16-17. If you are in a cold climate—
Put on an antiexposure suit. If unavailable, put on any extra clothing available. Keep clothes loose and comfortable.
Take care not to snag the raft with shoes or sharp objects. Keep the repair kit where you can readily reach it.
Rig a windbreak, spray shield, and canopy.
Try to keep the floor of the raft dry. Cover it with canvas or cloth for insulation.
Huddle with others to keep warm, moving enough to keep the blood circulating. Spread an extra tarpaulin, sail, or parachute over the group.
Give extra rations, if available, to men suffering from exposure to cold.
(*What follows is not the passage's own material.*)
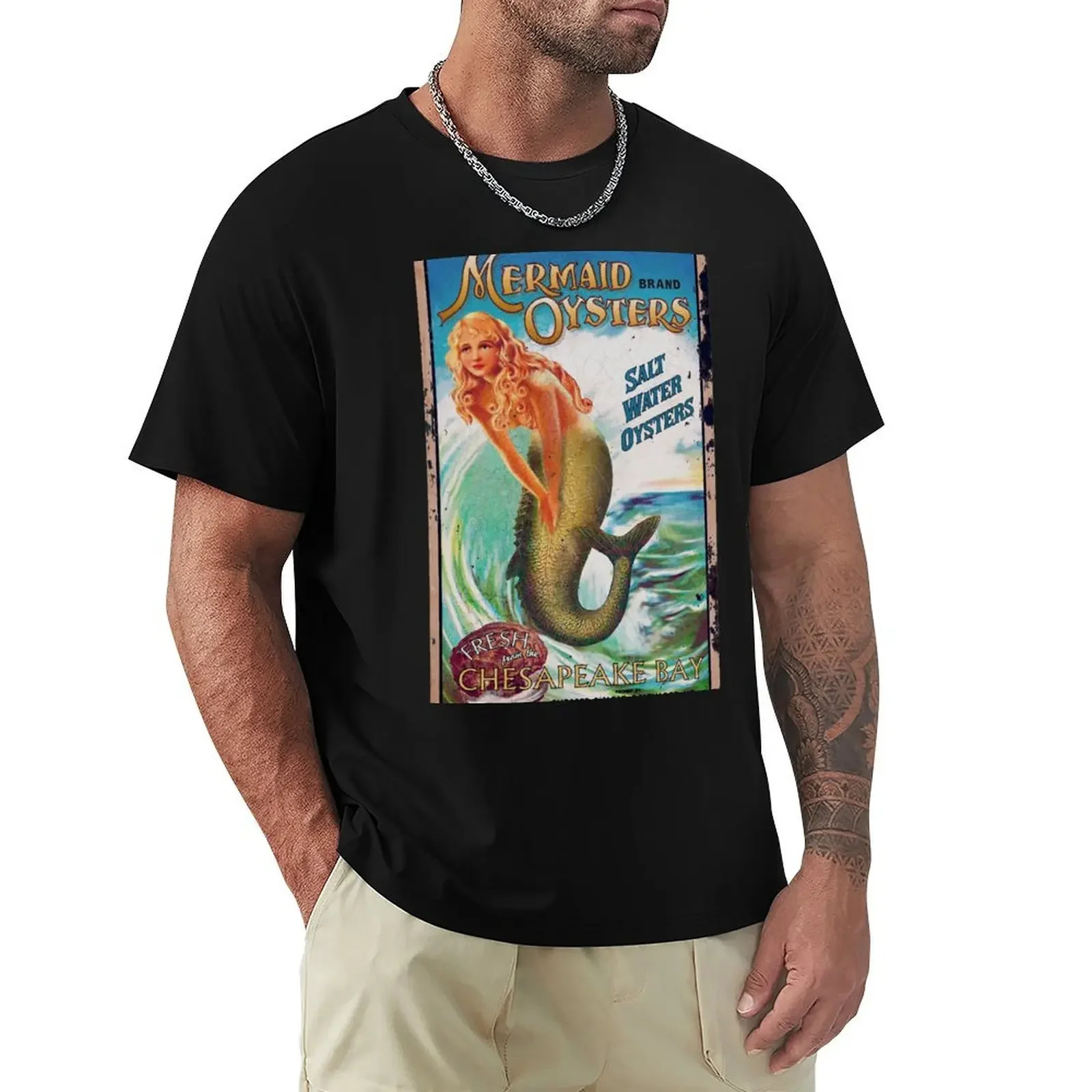 

Mermaid vintage seafood oyster food advertisement T-Shirt customizeds Aesthetic clothing funny t shirts for men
16-18. The greatest threat you face when submerged in cold water is death due to hypothermia. The average ocean temperature around the world is only 11 degrees C (51 degrees F). However, do not be fooled by warm water—hypothermia can even occur in 27-degree C (80-degree F) water. When you are immersed in cold water, hypothermia occurs rapidly due to the decreased insulating quality of wet clothing and the result of water displacing the layer of still air that normally surrounds the body. The rate of heat exchange in water is about 25 times greater than it is in air of the same temperature. Figure 16-7 lists life expectancy times for immersion in water.
Figure 16-7. Life Expectancy Times for Immersion in Water
16-19. Your best protection against the effects of cold water is to get into the life raft, stay dry, and insulate your body from the cold surface of the bottom of the raft. If these actions are not possible, wearing an antiexposure suit will extend your life expectancy considerably. Remember, keep your head and neck out of the water and well insulated from the cold water's effects when the temperature is below 19 degrees C (66 degrees F). Wearing life preservers increases the predicted survival time as body position in the water increases the chance of survival.